Problem
Below are entries; copy exactly the lines from the one with "Meelallen en een dolle stier in Huijbergen" through the one with "Icicles #63 Glass Dildo", both included, and leave out the rest.

Records contained in a dataset
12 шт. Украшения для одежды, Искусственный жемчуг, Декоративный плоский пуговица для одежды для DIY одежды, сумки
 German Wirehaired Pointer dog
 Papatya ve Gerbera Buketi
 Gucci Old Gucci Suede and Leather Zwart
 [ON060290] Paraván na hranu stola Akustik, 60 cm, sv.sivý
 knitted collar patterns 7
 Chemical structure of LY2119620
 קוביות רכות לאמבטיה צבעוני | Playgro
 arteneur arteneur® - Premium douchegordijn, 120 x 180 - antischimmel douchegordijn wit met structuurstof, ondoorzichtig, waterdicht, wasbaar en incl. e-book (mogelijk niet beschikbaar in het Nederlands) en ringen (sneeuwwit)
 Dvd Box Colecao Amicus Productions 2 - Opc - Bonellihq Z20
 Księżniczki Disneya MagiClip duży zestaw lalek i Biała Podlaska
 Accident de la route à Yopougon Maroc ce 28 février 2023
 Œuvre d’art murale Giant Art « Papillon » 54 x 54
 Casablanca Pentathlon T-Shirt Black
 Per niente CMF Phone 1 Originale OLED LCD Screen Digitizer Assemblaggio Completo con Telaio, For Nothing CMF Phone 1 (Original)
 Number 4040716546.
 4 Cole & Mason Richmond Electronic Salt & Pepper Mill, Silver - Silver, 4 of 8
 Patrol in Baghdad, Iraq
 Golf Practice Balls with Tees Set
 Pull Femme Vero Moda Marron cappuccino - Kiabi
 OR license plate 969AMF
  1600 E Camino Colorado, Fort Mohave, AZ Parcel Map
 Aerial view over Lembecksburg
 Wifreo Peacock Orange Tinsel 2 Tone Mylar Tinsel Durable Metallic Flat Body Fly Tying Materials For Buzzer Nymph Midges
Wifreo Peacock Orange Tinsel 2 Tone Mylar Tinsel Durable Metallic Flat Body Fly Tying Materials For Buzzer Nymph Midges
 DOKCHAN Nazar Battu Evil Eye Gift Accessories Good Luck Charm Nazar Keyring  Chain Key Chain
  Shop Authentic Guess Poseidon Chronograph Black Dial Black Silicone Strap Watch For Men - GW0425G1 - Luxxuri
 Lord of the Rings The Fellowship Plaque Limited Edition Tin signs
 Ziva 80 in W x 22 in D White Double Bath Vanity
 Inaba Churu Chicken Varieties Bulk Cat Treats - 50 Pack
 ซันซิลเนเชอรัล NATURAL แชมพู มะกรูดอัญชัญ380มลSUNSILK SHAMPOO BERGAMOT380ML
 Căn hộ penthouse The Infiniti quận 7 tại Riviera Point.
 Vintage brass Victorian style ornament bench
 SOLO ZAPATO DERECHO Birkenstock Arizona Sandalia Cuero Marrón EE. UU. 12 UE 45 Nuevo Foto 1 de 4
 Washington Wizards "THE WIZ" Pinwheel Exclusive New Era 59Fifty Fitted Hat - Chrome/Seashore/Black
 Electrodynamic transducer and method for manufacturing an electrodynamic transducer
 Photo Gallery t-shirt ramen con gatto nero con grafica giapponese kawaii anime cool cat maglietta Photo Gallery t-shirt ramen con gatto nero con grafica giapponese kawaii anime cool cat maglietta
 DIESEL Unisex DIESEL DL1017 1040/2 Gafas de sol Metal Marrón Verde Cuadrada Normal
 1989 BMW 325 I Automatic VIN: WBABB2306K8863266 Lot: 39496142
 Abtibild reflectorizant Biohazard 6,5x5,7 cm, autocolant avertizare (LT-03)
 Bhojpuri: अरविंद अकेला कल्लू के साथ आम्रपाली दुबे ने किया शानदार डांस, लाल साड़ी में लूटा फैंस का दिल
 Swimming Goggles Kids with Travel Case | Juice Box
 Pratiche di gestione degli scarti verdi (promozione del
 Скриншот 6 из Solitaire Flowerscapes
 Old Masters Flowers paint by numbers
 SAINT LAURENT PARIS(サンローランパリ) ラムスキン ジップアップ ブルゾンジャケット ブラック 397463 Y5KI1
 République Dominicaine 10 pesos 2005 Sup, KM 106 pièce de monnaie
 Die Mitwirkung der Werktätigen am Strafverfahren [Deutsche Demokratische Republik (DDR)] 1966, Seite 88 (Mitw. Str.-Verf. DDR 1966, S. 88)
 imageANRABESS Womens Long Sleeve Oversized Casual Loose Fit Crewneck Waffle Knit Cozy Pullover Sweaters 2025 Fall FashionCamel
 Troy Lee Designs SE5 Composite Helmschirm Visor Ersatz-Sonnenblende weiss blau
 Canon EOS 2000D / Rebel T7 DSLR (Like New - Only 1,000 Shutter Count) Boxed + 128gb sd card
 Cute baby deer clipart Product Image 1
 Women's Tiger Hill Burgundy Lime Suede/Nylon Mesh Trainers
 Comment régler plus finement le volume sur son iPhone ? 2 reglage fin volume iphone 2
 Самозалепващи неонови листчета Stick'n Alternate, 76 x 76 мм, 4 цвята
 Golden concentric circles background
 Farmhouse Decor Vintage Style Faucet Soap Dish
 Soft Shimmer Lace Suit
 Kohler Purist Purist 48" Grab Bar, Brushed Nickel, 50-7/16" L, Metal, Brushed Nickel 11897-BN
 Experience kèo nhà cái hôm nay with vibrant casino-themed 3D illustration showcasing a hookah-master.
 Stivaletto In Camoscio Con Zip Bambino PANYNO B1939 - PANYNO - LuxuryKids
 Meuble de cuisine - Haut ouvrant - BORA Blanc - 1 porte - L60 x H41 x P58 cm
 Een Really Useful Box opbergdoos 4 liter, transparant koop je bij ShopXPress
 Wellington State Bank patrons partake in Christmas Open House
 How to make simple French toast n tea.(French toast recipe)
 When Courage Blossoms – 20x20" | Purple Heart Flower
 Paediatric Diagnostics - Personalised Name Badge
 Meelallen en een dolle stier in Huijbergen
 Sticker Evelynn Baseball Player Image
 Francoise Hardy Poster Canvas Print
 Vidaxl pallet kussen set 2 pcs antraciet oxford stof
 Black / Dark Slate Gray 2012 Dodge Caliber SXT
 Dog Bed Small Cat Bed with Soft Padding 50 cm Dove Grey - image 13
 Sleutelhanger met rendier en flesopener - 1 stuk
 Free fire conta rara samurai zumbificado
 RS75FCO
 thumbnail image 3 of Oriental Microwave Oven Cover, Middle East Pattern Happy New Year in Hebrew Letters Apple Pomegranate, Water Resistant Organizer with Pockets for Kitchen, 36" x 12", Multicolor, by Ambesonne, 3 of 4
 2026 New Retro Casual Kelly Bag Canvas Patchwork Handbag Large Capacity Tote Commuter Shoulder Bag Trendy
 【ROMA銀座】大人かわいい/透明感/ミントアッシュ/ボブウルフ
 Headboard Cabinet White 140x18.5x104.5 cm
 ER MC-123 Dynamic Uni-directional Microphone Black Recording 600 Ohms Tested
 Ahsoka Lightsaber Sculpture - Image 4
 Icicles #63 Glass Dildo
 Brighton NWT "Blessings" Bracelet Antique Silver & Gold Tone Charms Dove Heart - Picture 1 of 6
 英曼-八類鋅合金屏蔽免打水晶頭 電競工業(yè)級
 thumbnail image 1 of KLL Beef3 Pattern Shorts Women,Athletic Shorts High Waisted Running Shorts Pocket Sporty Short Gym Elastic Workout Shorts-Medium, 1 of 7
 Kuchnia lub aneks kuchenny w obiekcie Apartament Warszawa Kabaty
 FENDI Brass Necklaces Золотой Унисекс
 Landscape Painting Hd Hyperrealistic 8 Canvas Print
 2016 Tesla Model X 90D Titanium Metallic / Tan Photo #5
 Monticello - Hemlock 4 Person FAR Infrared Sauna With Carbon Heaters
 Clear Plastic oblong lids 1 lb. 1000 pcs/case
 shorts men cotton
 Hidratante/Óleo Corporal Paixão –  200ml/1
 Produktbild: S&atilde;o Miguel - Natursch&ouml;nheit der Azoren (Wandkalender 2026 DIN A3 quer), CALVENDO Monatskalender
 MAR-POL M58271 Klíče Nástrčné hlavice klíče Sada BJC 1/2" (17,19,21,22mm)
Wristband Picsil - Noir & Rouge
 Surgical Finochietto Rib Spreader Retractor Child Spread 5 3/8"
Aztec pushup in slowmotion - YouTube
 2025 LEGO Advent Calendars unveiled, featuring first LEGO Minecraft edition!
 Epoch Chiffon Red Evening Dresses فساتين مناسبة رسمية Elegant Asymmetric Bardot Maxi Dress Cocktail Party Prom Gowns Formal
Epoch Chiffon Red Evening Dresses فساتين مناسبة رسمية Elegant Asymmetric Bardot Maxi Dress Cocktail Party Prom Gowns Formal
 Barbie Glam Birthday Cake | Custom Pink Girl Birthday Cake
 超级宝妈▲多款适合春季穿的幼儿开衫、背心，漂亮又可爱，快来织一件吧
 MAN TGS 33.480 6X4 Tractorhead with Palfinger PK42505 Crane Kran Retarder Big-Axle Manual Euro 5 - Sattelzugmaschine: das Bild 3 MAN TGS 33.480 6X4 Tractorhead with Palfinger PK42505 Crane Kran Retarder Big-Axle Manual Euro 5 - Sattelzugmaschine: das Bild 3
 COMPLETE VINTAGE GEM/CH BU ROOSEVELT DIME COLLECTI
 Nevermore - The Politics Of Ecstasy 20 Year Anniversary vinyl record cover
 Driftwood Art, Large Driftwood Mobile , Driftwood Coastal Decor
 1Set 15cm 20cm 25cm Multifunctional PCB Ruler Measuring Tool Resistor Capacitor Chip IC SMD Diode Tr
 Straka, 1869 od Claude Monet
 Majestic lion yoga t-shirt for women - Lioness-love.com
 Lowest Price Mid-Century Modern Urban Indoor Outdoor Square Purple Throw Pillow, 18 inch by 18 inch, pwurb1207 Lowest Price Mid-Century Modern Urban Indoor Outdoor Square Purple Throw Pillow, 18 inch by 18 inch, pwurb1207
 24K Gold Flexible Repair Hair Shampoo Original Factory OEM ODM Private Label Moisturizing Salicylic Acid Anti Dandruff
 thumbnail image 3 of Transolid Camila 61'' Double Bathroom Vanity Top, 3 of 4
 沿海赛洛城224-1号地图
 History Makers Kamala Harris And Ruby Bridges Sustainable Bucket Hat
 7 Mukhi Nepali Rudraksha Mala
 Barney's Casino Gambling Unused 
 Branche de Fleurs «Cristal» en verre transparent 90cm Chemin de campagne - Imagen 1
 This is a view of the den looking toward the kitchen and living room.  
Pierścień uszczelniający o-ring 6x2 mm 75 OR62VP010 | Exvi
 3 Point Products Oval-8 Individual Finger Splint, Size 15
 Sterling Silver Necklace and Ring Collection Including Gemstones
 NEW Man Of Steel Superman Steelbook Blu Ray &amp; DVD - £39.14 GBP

Your response
 Meelallen en een dolle stier in Huijbergen
 Sticker Evelynn Baseball Player Image
 Francoise Hardy Poster Canvas Print
 Vidaxl pallet kussen set 2 pcs antraciet oxford stof
 Black / Dark Slate Gray 2012 Dodge Caliber SXT
 Dog Bed Small Cat Bed with Soft Padding 50 cm Dove Grey - image 13
 Sleutelhanger met rendier en flesopener - 1 stuk
 Free fire conta rara samurai zumbificado
 RS75FCO
 thumbnail image 3 of Oriental Microwave Oven Cover, Middle East Pattern Happy New Year in Hebrew Letters Apple Pomegranate, Water Resistant Organizer with Pockets for Kitchen, 36" x 12", Multicolor, by Ambesonne, 3 of 4
 2026 New Retro Casual Kelly Bag Canvas Patchwork Handbag Large Capacity Tote Commuter Shoulder Bag Trendy
 【ROMA銀座】大人かわいい/透明感/ミントアッシュ/ボブウルフ
 Headboard Cabinet White 140x18.5x104.5 cm
 ER MC-123 Dynamic Uni-directional Microphone Black Recording 600 Ohms Tested
 Ahsoka Lightsaber Sculpture - Image 4
 Icicles #63 Glass Dildo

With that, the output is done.